Allen nicht CTAC-Mitgliedern kann empfohlen werden, den weiteren Zulassungsprozess auf der ECHA-Homepage zu verfolgen. Nach erfolgter Einreichung des Zulassungsantrags werden dort die technischen Rahmenbedingungen zusammengefasst publiziert, sodass die eigene Situation mit den veröffentlichten Anforderungen verglichen werden kann (Abb. 4). Sollten hieraus Zweifel oder der Bedarf einer eigenen Antragstellung abgeleitet werden, verbleiben einige­ Monate vor der Submission Deadline im März 2016.

Abb. 4: Möglichkeiten zur Identifikation der Position in der Branche und innerhalb der Lieferkette

 

Es wird den Unternehmen der betroffenen Branche sehr empfohlen, die Public Consultation Phase zu nutzen, um eigene Anwendung zu vertreten, auch wenn das betroffene Unternehmen nicht CTAC-Mitglied ist. Die Erfahrungen aus den bisher eingereichten Anträgen zu anderen Stoffen zeigen, dass zumeist Kommentare eingehen, die sich gegen eine Zulassung oder für kürzere Review-Periods aussprechen.

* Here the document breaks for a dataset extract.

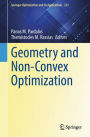Geometry and Non-Convex Optimization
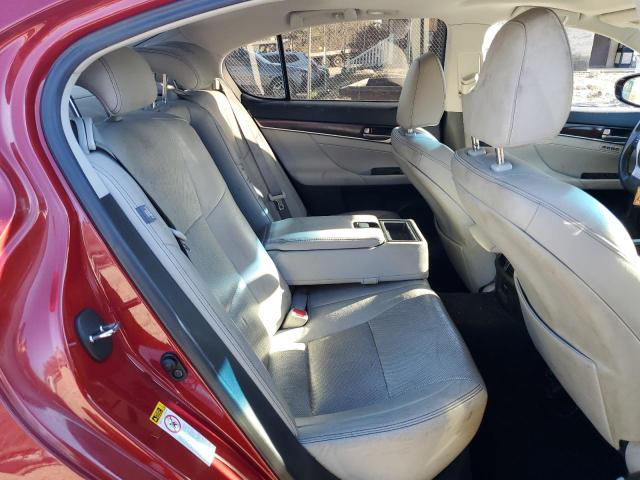 Photo 10 from auction – 2013 LEXUS GS 350 with VIN JTHCE1BL8D5005711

Durch die genannten Aktivitäten kann hier für ein Gleichgewicht der Argumente gesorgt ­werden!

Nach dem Sunset Date muss jeder Anwender eines zugelassenen Stoffs seine­ Verwendung bei der ECHA in Helsinki notifizieren. Von dort gelangen die Informationen zu den nationalen Behörden die für die Umsetzung und Kontrolle vor Ort zuständig sind.

Es ist unbedingt angeraten, die Zeit vor dem Sunset Date zu nutzen, um die technischen Bedingungen und die Exposition im Unternehmen angemessen zu dokumentieren.

Wenn auch nach dem Sunset Date 9/2017 Chromtrioxid verwendet werden soll, ist eine Zulassung für die jeweilige Anwendung durch den Beschichter selbst oder seinen Lieferanten essentiell für die Existenz jedes Unternehmens. Daraufhin muss die Situation jedes betroffenen Unternehmen bewertet und entsprechend gehandelt werden.

 

Sunset Date

Ein Stoff, der auf Anhang XIV der REACh-Verordnung gelistet ist, darf nach Ablauf des Sunset Date nur noch verwendet werden, wenn eine Zulassung erteilt wurde und der Anwender angemessene und wirksame Maßnahmen ergriffen hat, um Mitarbeiter, Umwelt und Bevölkerung zu schützen.